### Description of the task
In the entries that follow, repeat exactly the lines from the one that has "Hi, it's Adrienne." through the one that has "There are some", but omit pictures.

------------------------

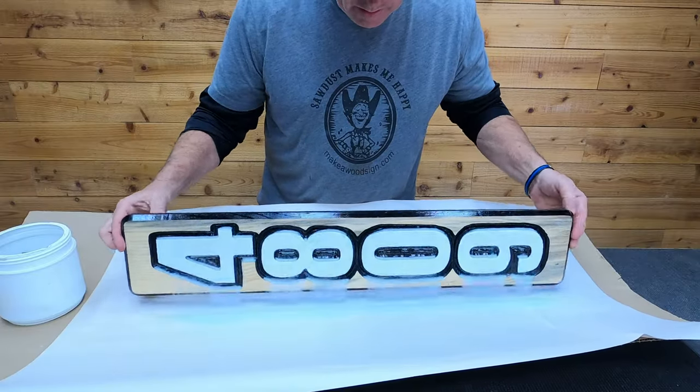There it is, guys. I really love the way this thing came out. Those Universal numbers — I really like those things, I might like those a little better than the Clarendon. They're very readable and show up great. I hope this was helpful, guys. Everything we used today will be in the descriptions down below. If you guys have any questions, please email me at eric@makeawoodsign.com. We love you guys — we'll see you on the next one. Bye-bye.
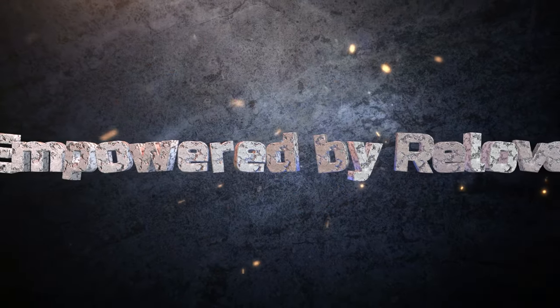Hi, it's Adrienne. How are you doing today? I'm back with the Relove by Revolution, which is over at Walmart. I thought I'd go ahead and do another look with another one of their palettes.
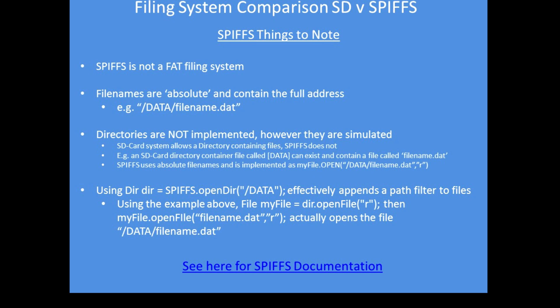There are some differences to note between the two filing systems. SPIFS is not a file allocation table filing system like you'd find on a Windows PC. File names are absolute — they have to contain the full address of the file. So if you want to put a file into a directory called 'data', you have to prefix the file name with the directory name. In fact, in SPIFS, directories are not truly implemented, but they are simulated and to all intents and purposes operate in exactly the same way. There is a command called SPIFS open directory.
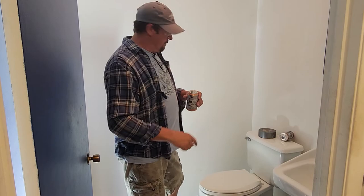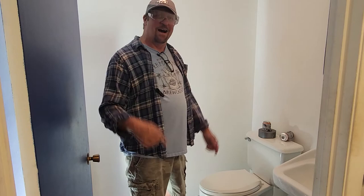Hey there, welcome to Bob's Handyman Channel! That's right, you know the one where Bob shows you how to fix everything in your house — including your painting, your drywall, your cabinets, your plumbing, your air conditioning. Heck, you want a new chicken coop built? Bob's your man!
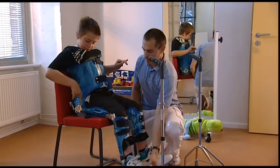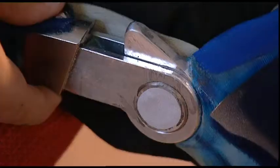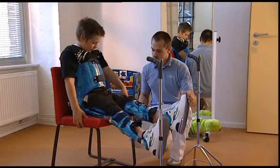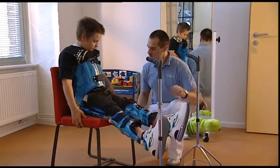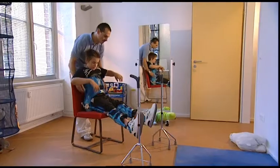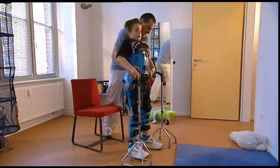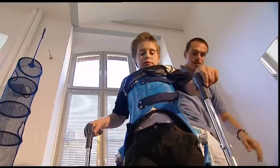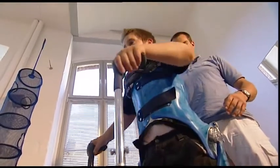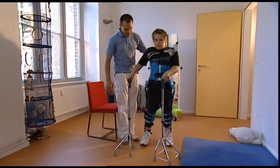Whenever young Randy wants to stand up, first the knee joint is fixed. Consequently the hips stretch. By pressing the pre-select button before moving upright into a stable standing position, the hip joints give way to a pelvic rotation during walking, resulting in a more physiological hip position while enhancing the pace with less energy needed.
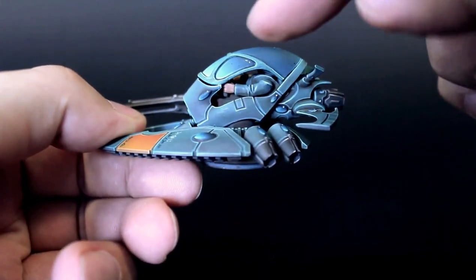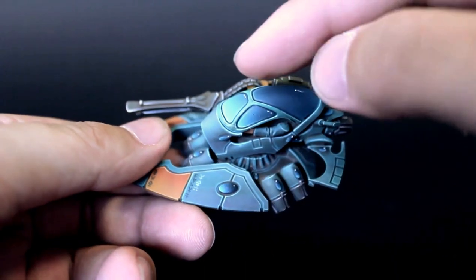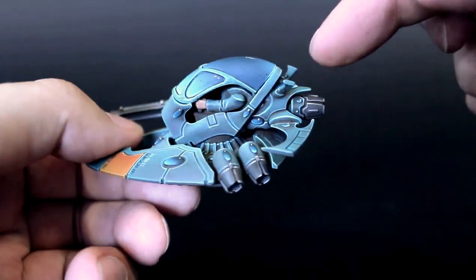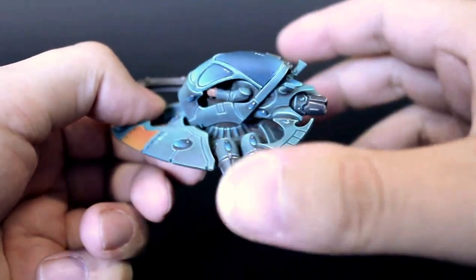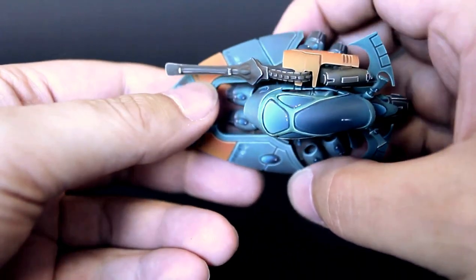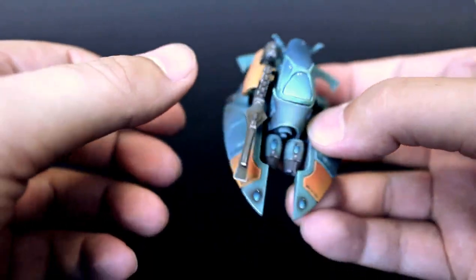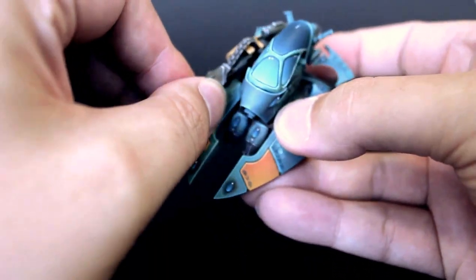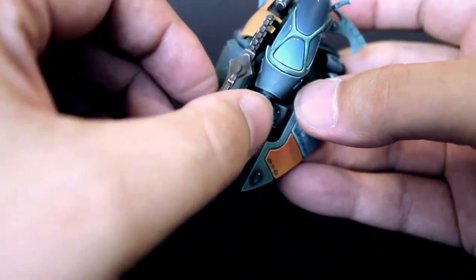I've used the cockpit of an Eldar war walker — usually in this position — but specifically the Forgeworld one, which has a different canopy. I've used the rear of one of the new Eldar jet bikes and one of the standard shuriken cannons you can get off wave serpents or even the war walker itself. It's magnetized so I can swap it out.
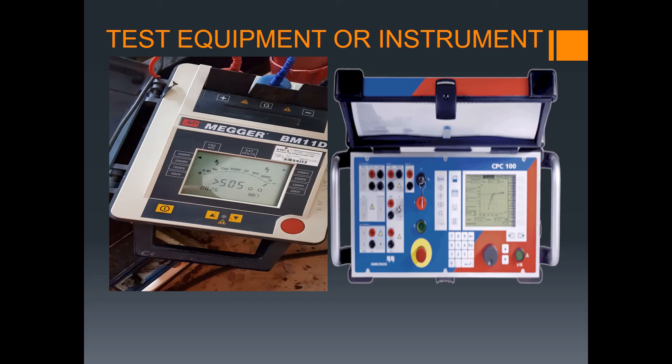This is the instrument we use — a Megger. For higher voltage equipment like transformers, we use this instrument and also the CPC 100. You can also do testing using the CPC 100 for switchgear, panel boards, CTs, and VTs.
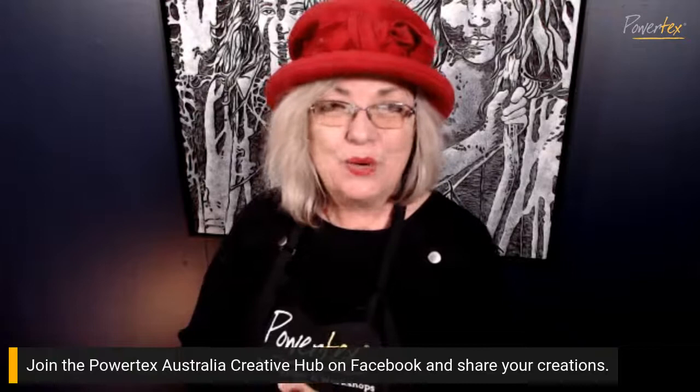From me to you, I hope you have a wonderful creative weekend. I look forward to seeing you back here again. Don't forget in the Powtex Australia hub to post what you're doing so we can see what you're up to creatively. I should post some of my work in progress that I've been doing on some seascapes and different landscapes. Cheers everyone, have a wonderful weekend, bye!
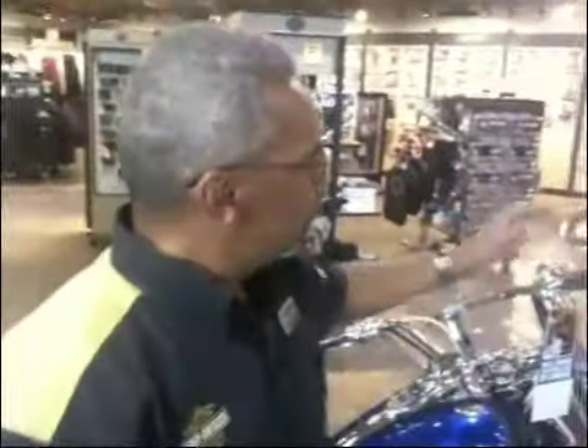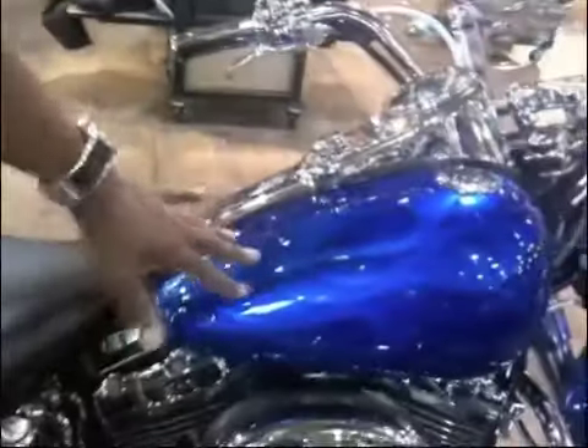Some people do skulls. Some people do rubber and chrome. In this particular situation, the person chose to do flames on his grips — you have flames here, you have flames here. And that whole thing follows throughout the bike, even flames on the tank. So the grips are an essential part of the custom decoration of the motorcycle.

------------------------

### Exercise response
Hi, it's Adrienne. How are you doing today? I'm back with the Relove by Revolution, which is over at Walmart. I thought I'd go ahead and do another look with another one of their palettes.
There are some differences to note between the two filing systems. SPIFS is not a file allocation table filing system like you'd find on a Windows PC. File names are absolute — they have to contain the full address of the file. So if you want to put a file into a directory called 'data', you have to prefix the file name with the directory name. In fact, in SPIFS, directories are not truly implemented, but they are simulated and to all intents and purposes operate in exactly the same way. There is a command called SPIFS open directory.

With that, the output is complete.